Single-Network Vertex Nomination
Contents
6.4. Single-Network Vertex Nomination#
Say you’re a criminal investigator trying to uncover a human trafficking ring. You build a network of potential suspects: some of the nodes in the network represent human traffickers, and some represent innocent people. The edges of the network represent a working relationship between a given pair of individuals.
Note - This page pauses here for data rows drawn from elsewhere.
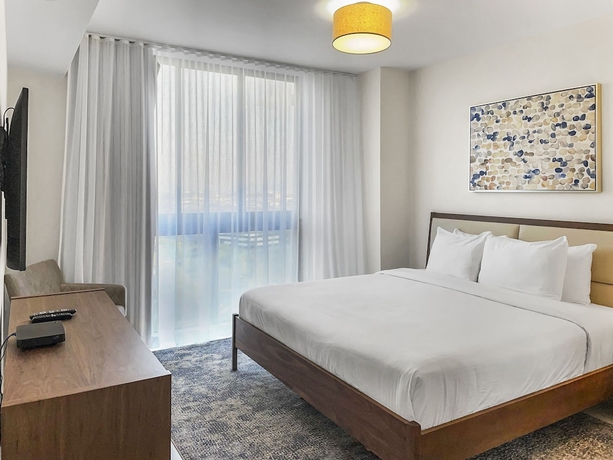 Imagen de la habitación del Hotel Provident Grand Luxury Short Term Residences. Foto 7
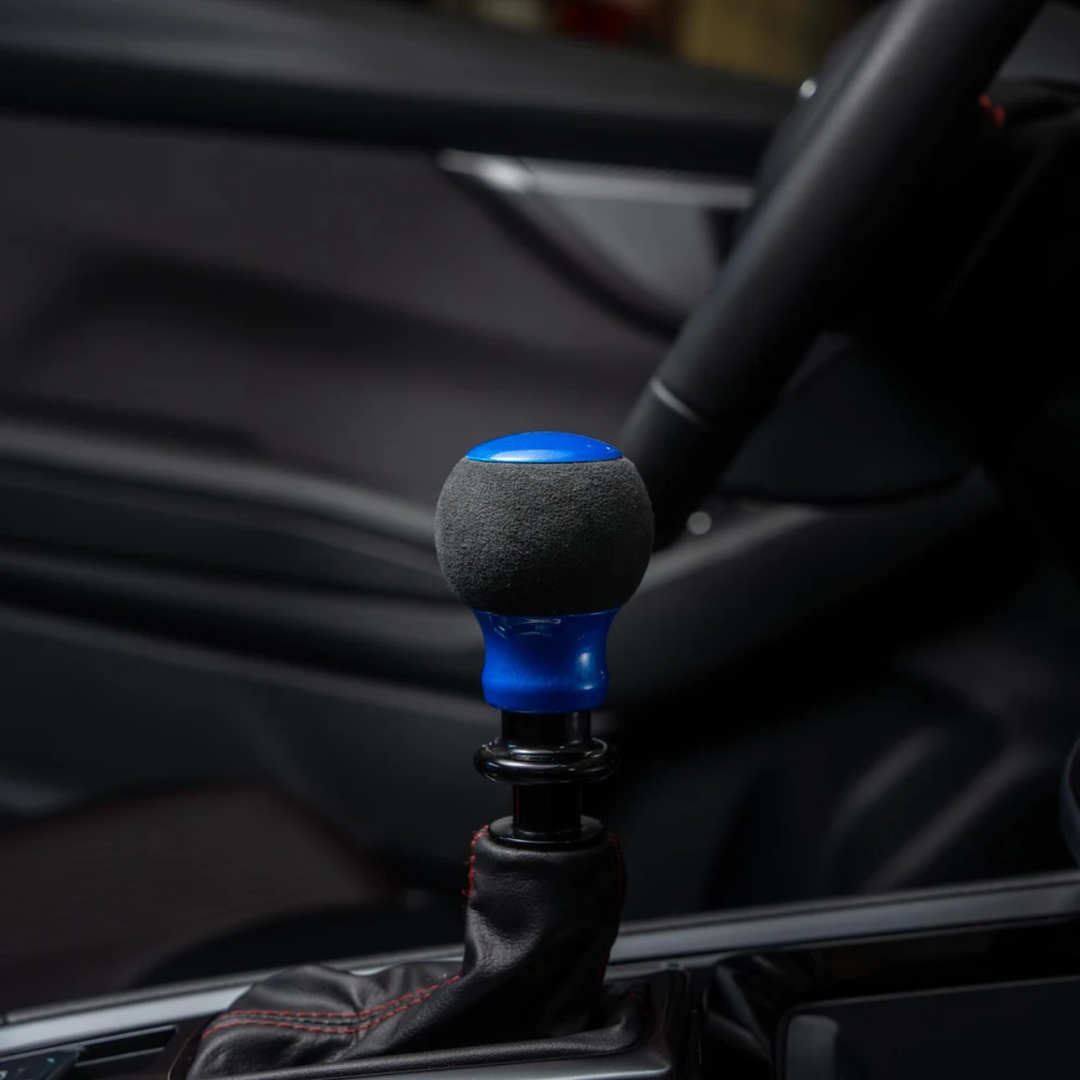 Billetworkz 2024+ Tacoma "Fusion" Automatic Shifter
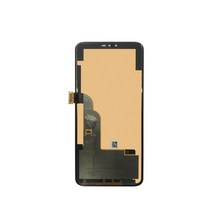 6.4 quot번인 LG V40 ThinQ LCD 디스플레이 터치 스크린 교체 V405 디지타이저 어셈블리 V50 5G 프레임 수리 부품, [03] V50 no frame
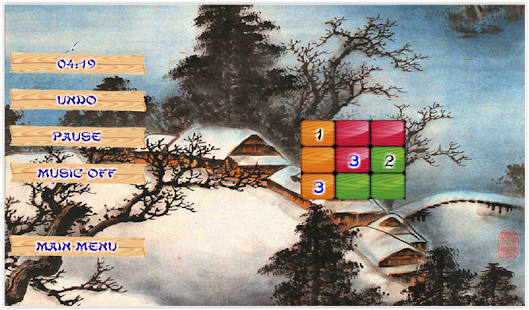 Sudoku Bengal Tiger Free(圖3)-速報App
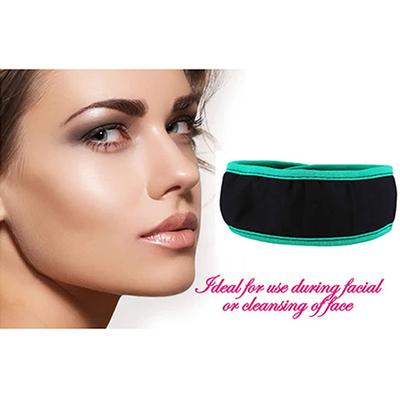 Vega Facial Band (FB - 01) 21 gm - Hair Clips/Bands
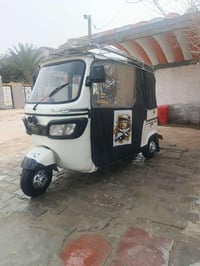 تكتك تي في اس • موديل 21 • ام قصر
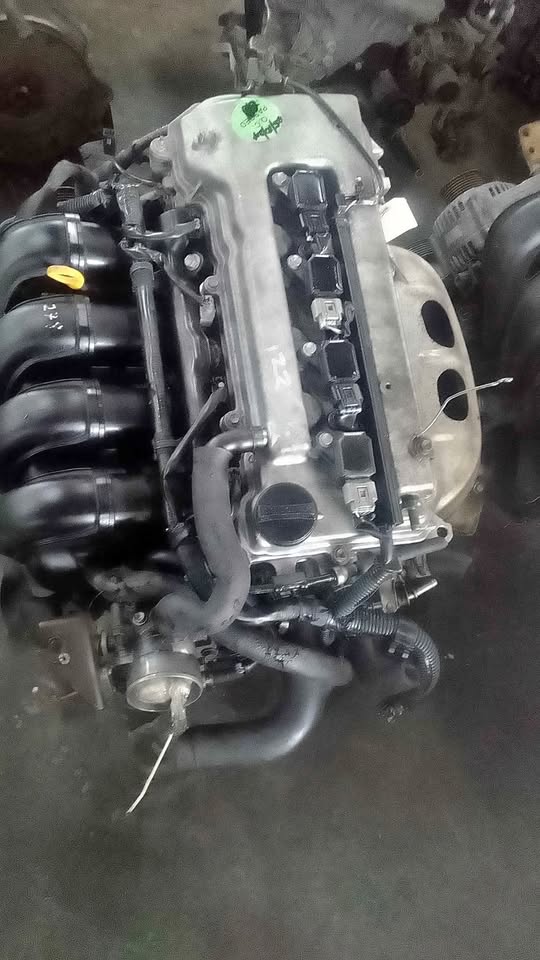 TOYOTA COROLLA 1ZZ COMPLETE ENGINE FOR SALE - Private Seller TOYOTA COROLLA 1ZZ COMPLETE ENGINE FOR SALE - Private Seller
Your team has limited resources, and so it’s difficult to scrutinize everybody in the network directly to see if they are human traffickers. Ideally, you’d like to use your network to nominate potential suspects, so that you can prioritize your investigative efforts. You’ve already done some work: you have a list of a few nodes of the network who are known to be traffickers, and you have a list of a few who you know are not. Your goal, then, is to build an ordered list of nodes in the network that are most similar to the nodes you already know belong to human traffickers. Ideally, the first nodes in the list would be more likely to be traffickers, and the nodes would get less and less likely the further down in the list you go.
This is the idea behind single-network vertex nomination from [1] and [2]. You have a group of “seed nodes” that you know have the right community membership, and then you take the rest of the nodes in your network and order them by their relationship to the seed nodes in terms of that community membership. A seed node is a node in a network for which we have information which we know to be true. The nomination task here isn’t just classification: it’s prioritization. You’re prioritizing how important the rest of your nodes are with respect to the seed nodes, with the most important nodes at the top.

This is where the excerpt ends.